Conoscere bene : To know well. 

This is the literal translation; it is entirely possible that with my somewhat limited grasp of Italian, this phrase is used idiomatically and has an entirely deeper meaning. But there I am (or, at least, there are my feet), standing above these words in my purple Birkenstocks (purchased in Italy), the Italian words catching my attention in an immediate way.

Some people go to Italy to eat, to see famous sites, to view Renaissance art, to walk the ruins.

I go to rest.

It has taken me a long time to embrace that. The inner critic voices that it’s ridiculously self-indulgent, that I should figure out some way of resting that doesn’t involve a trans-continental airline ticket, have been loud. But the truth is that every year since I’ve been an adult, I’ve gone on some kind of prolonged rest, whether it’s to New Mexico, to a Zen Center, to Paris, to Italy. I take a few weeks out of the year to drop everything and just BE with no agenda.

I’m not alone in needing rest; in fact, most people are even more in need of it than I am. We are a culture that spins ourselves into a flurry of comparisons and one-upmanship and trying to keep up with something that I’m not even entirely sure is defined for most people.

Here are the signs:

1.) Constantly taking on projects, telling yourself you’ll feel really great once you finish them, then not feeling particularly celebratory upon completing them, and then taking on yet another project.

2.) Yoga, meditation, and other “relaxing activities” feel like more to-do list items.

2.) You’re getting sick..

 

How to know yourself

We’ve got to honor ourselves and our needs, in order to know ourselves intimately. No one really gets to know “who” they are when they’re subverting play, rest, down time, rejuvenation, or pushing their physical and emotional hungers to the back-burner.

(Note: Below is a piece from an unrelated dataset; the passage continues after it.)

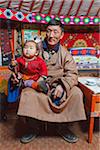Mongolei, Ovorkhangai, Khungu Khan Natural Reserve. Ein Nomade Mann sitzt in seinem Ger mit seiner Tochter.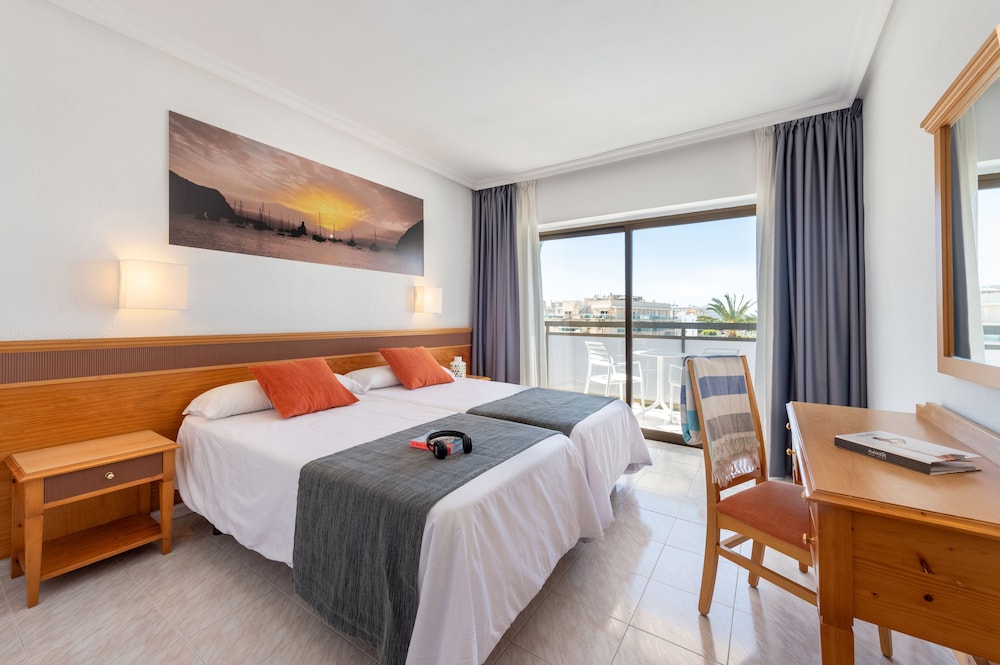 Hotel Vibra Mare Nostrum — Hotel rooms in Playa d'en Bossa, Balearic Islands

When you realize that you’ve gone overboard and burn-out is fizzling you out, fast, it’s time to do the following:

1.) Go back to the drawing board with examining (or clarifying, if you’ve never done it before) what your Most Courageous Self wants. Tapping into that Most Courageous Self is a huge part of The Courageous Living Program precisely because as you start to practice courage, you’re going to make tough choices. As you’re making those tough choices, there will inevitably be pros and cons to any choice. It won’t be as black-and-white as “one is bad and the other is good.”

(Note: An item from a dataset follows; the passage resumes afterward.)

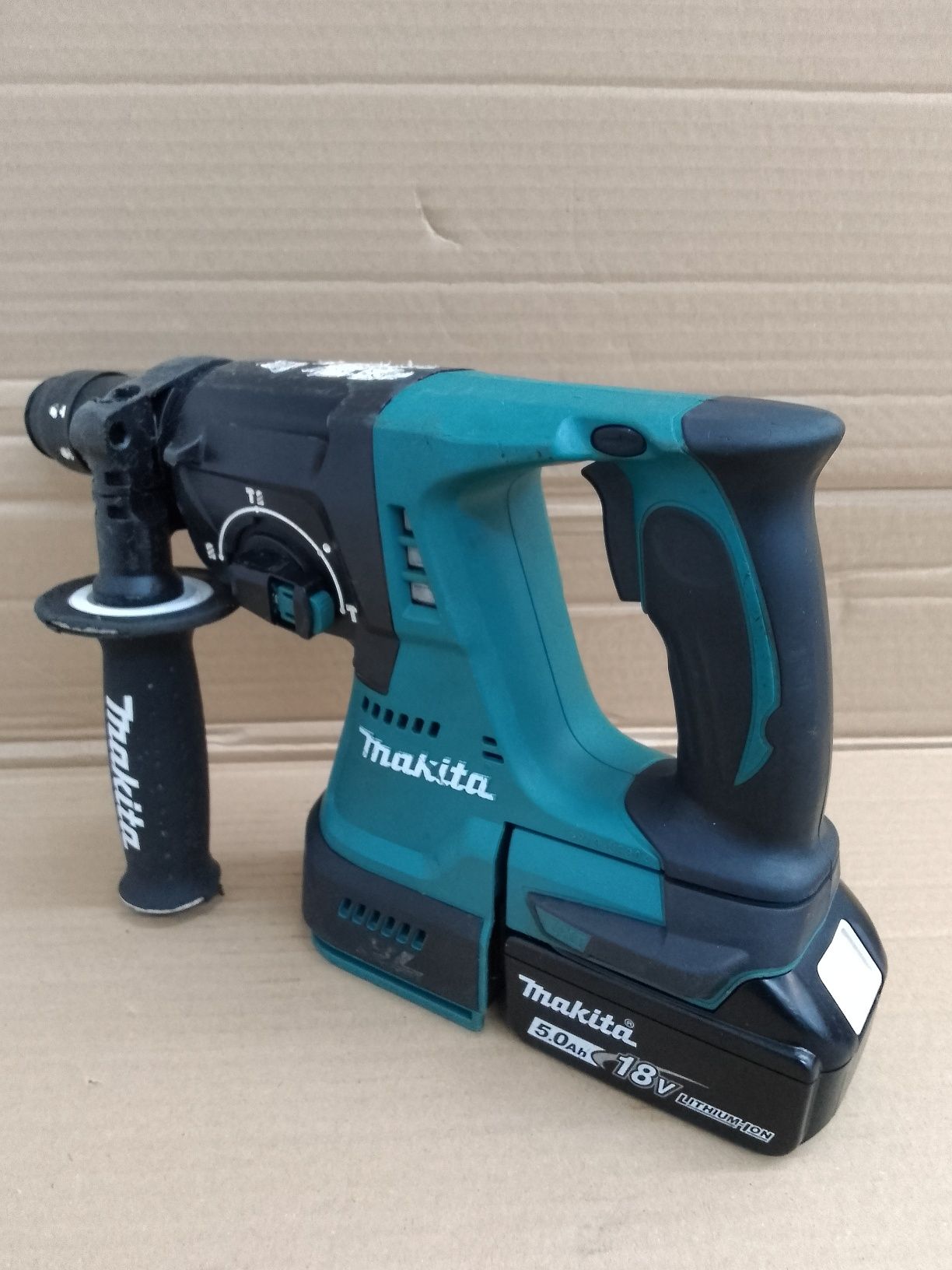 Makita DHR243 Młotowiertarka Udarowa 3Funk SDSPlus Brushless 5.0Ah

Being clear on your Most Courageous Self’s desired life is an important tool for making stronger decisions. It takes you out of externalizing your happiness or making choices because of money or social approval, and puts you straight into making a choice based on whether or not it honors who you are.

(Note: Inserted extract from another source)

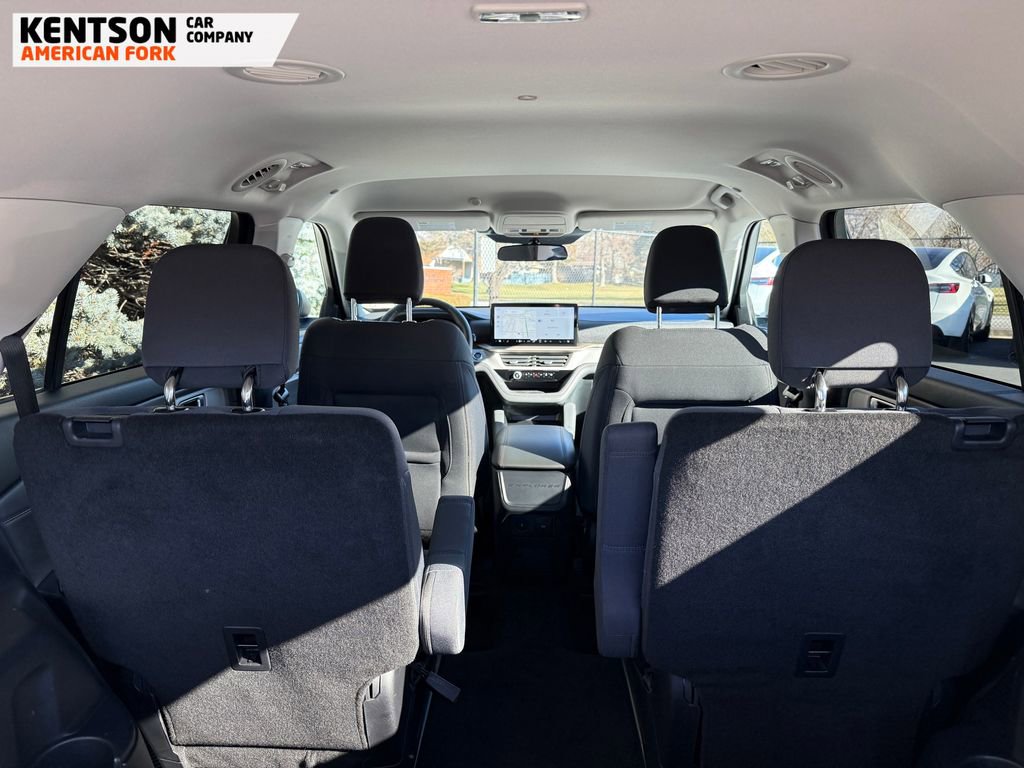 Used 2025 Ford Explorer Active image 36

Do you take on that new project? Does it honor your Most Courageous Self?
Do you continue with that relationship? Does it honor your Most Courageous Self?
Do you start now, or wait a year? Does it honor your Most Courageous Self?

2.)Examine where you can start practicing more acceptance. How many of us get pissed when things don’t go the way we want them to, and let defeat/discouragement follow on its heels? Even when you clarify what your Most Courageous Self wants, there are going to be things that you can’t control. Trying to get more control will just tie you up in knots. What freedom will come from practicing acceptance?

 

Rest is an action step

When you’ve been working too hard for awhile, you need rest.

That’s it.

No two ways around it. When we don’t rest, we eventually break.

I now have three levels of rest that I bring into my life. Yours might look a little bit different, but I share my own as a jumping off place for you to start.

Level One: I take time to breathe/meditate every day (check me out on Insight Timer). I do this even if it’s only 5 minutes. Meditation and mindfulness get talked up so much because they are so effective. People who think they aren’t effective are the people who give up on it too quickly to see the benefit. And, you definitely have time. You can meditate for 5 minutes. You have 5 minutes.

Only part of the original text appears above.